Some see a justification in tikanga Māori for exclusively male power and leadership. Too often, I have heard some of our men talk about women as if we are objects that can be collected and used to enhance their mana. I have seen men arriving at hui barely acknowledge the women present, while stopping to hongi every man. I have heard some men talk about children as if they exist only to enhance the father’s mana, as if mothers are just convenient caregivers, raising the children so the men can move on and have more. Is this what is meant by women being the source of mana? That our only mana is because of the children our whare tangata provide our men? Is this what our young people are learning? If this is true, what would tino rangatiratanga mean for women?

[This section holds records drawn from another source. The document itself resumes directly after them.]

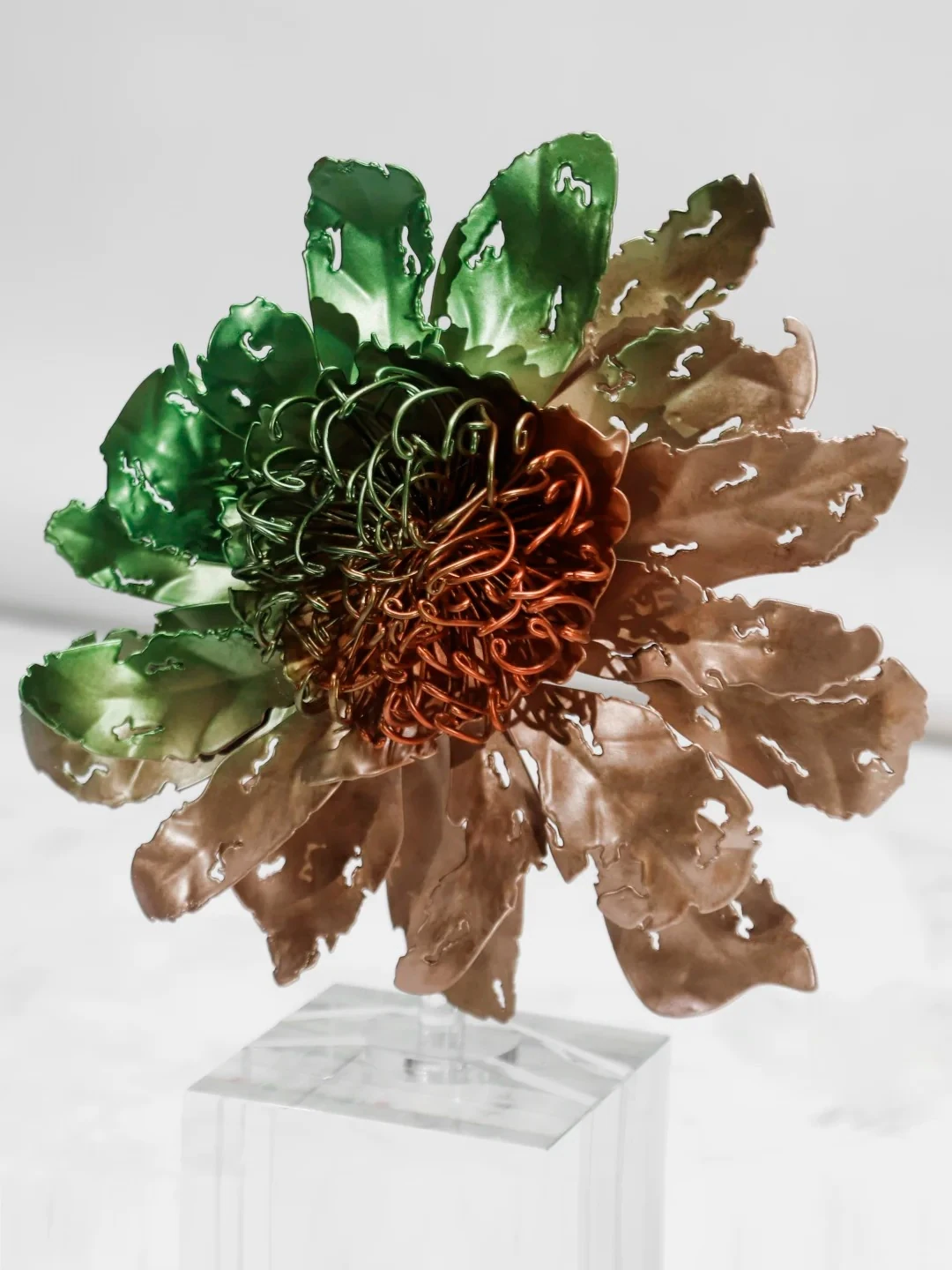 Botanical forms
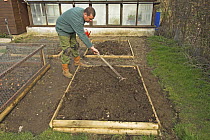 Gardener cultivating vegetable plot in small raised beds in urban garden, spring, Norfolk, UK, March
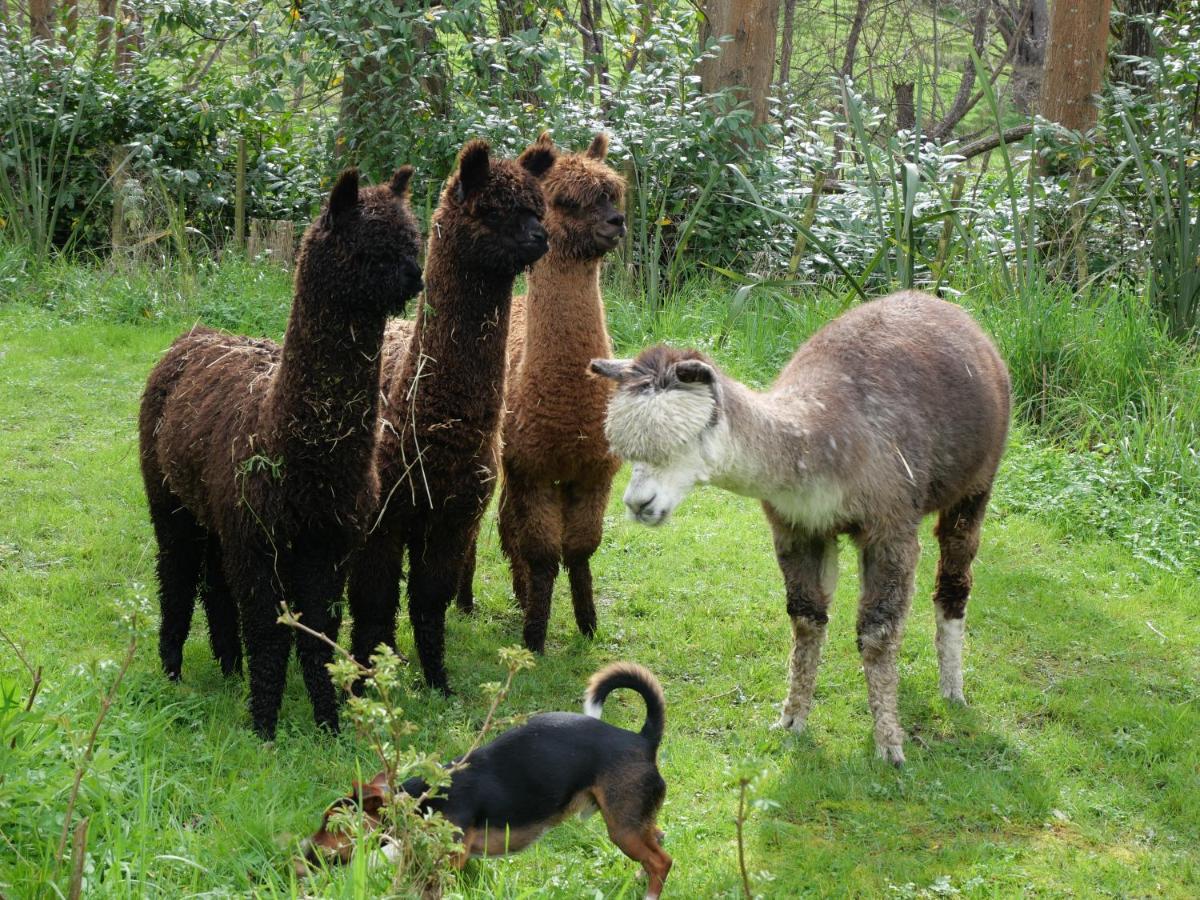 Whareama Tinui Food Forest Cottage מראה חיצוני תמונה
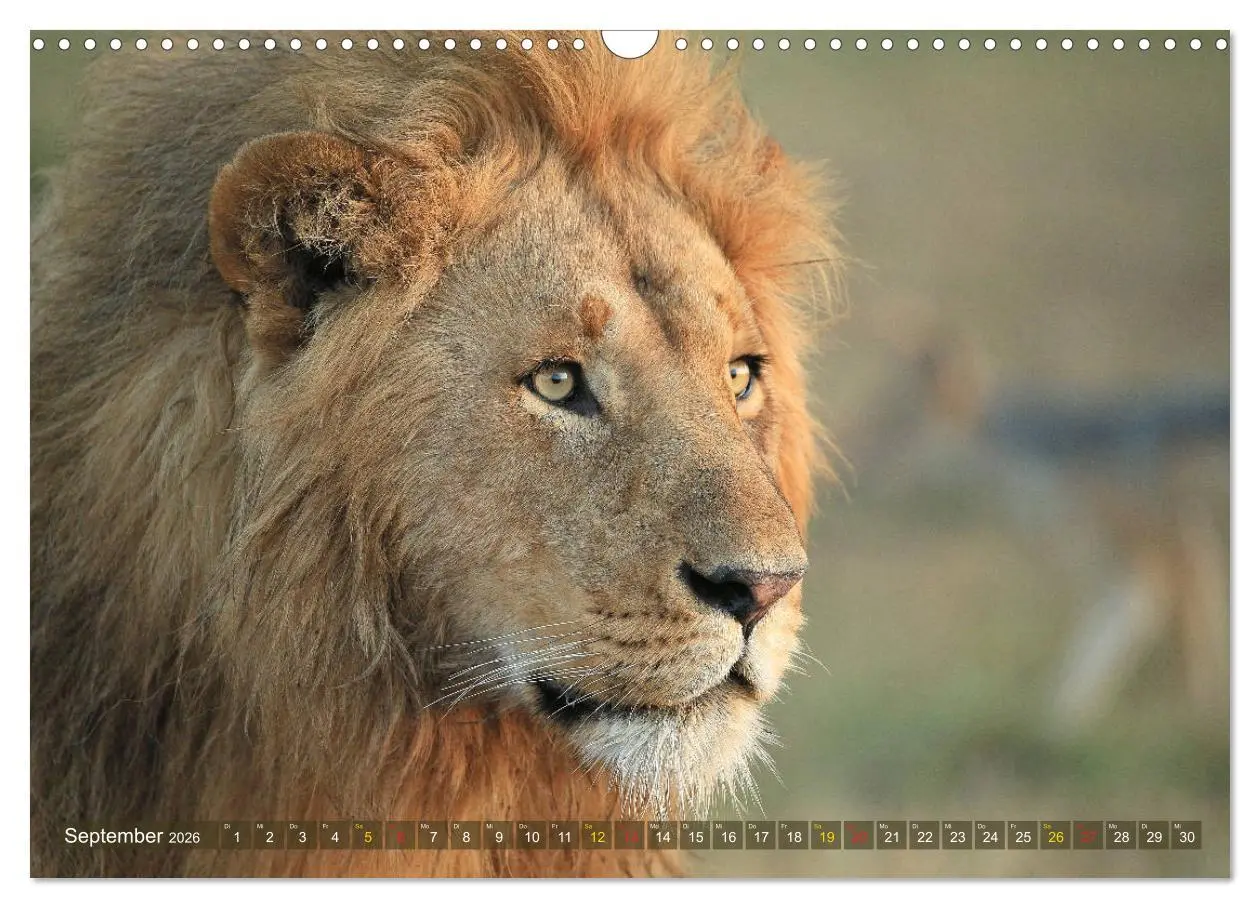 Bild: 9783516050677 | Löwen und Leoparden - Begegnungen in Afrika (Wandkalender 2026 DIN...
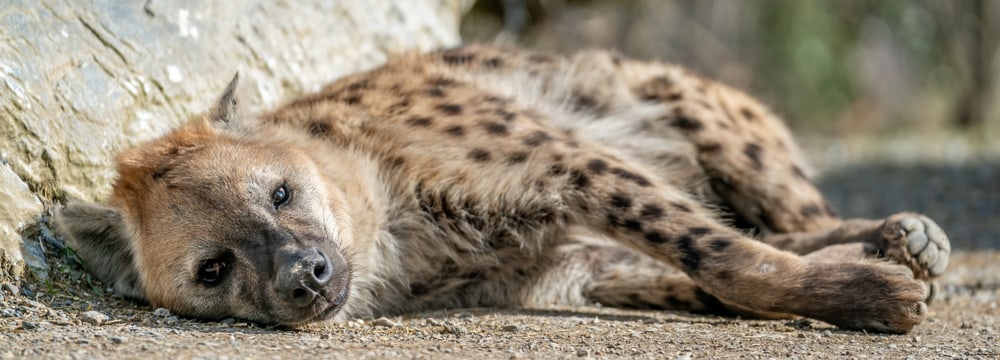 Bild: Zoo Zürich, Marco Schaffner Tüpfelhyäne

I will argue that this view of mana wahine is a recent distortion of tikanga Māori as a result of colonisation. European newcomers privileged one half of Māori society over the other; they brought their religion as justification for exclusive male leadership. For 200+ years, Pākehā leaders have behaved as if only men should have power, from the signing of Te Tiriti, to recent examples, such as Crown selection of all-male negotiators for the fisheries deal. Few Māori men are challenging this bias. It is as devastating to us as land thefts, because it has corrupted who we are and our relationships with each other, our tūpuna, and our whenua.

There is a common belief among Māori and non-Māori that women are secondary to men in tikanga Māori (Mikaere (b), p 7). This has been internalised by many Māori women, as expressed by Heni Brown: being a woman, I wasn't respected... I used to think, you're the eldest, you're the rangatira. No. Not in the Māori world. (Brown, p 48) It is difficult to assess the place of wāhine in tikanga Māori. Tikanga is based on the values handed down by our tūpuna, these values appear to have been distorted since the arrival of Europeans. Our creation stories which illustrate these values have also been distorted. However, who am I to determine what is authentic in tikanga Māori? I was brought up in a Pākehā family, I have spent more time in feminist and anarchist cultures than in Māori. When I look at tikanga Māori, I am personally invested in finding that women were not considered secondary to men, and that women's skills, knowledge and leadership were valued as much as men's. Instead of giving my uninformed and heavily biased analysis of the place of wāhine in tikanga Māori, I lay out the problems as I see them.

Tikanga Māori

Tikanga (Māori law) is based on whakapapa: Law was...'born' of whakapapa or 'arose' out of it (Jackson, p 61). Tikanga provide guidelines to manage our relationships so that we can protect our tapu and mana, and avoid diminishing others'; its purpose is to maintain the balance of tapu within relationships. Tikanga cannot be seen as a set of rules, but rather as the set of values (kaupapa) that underlie those practices (Ministry of Justice, p 10). These kaupapa, including manaakitanga, whanaungatanga, mana, tapu, noa, and ea, are the foundations of Māori society (Mead, pp 25-32).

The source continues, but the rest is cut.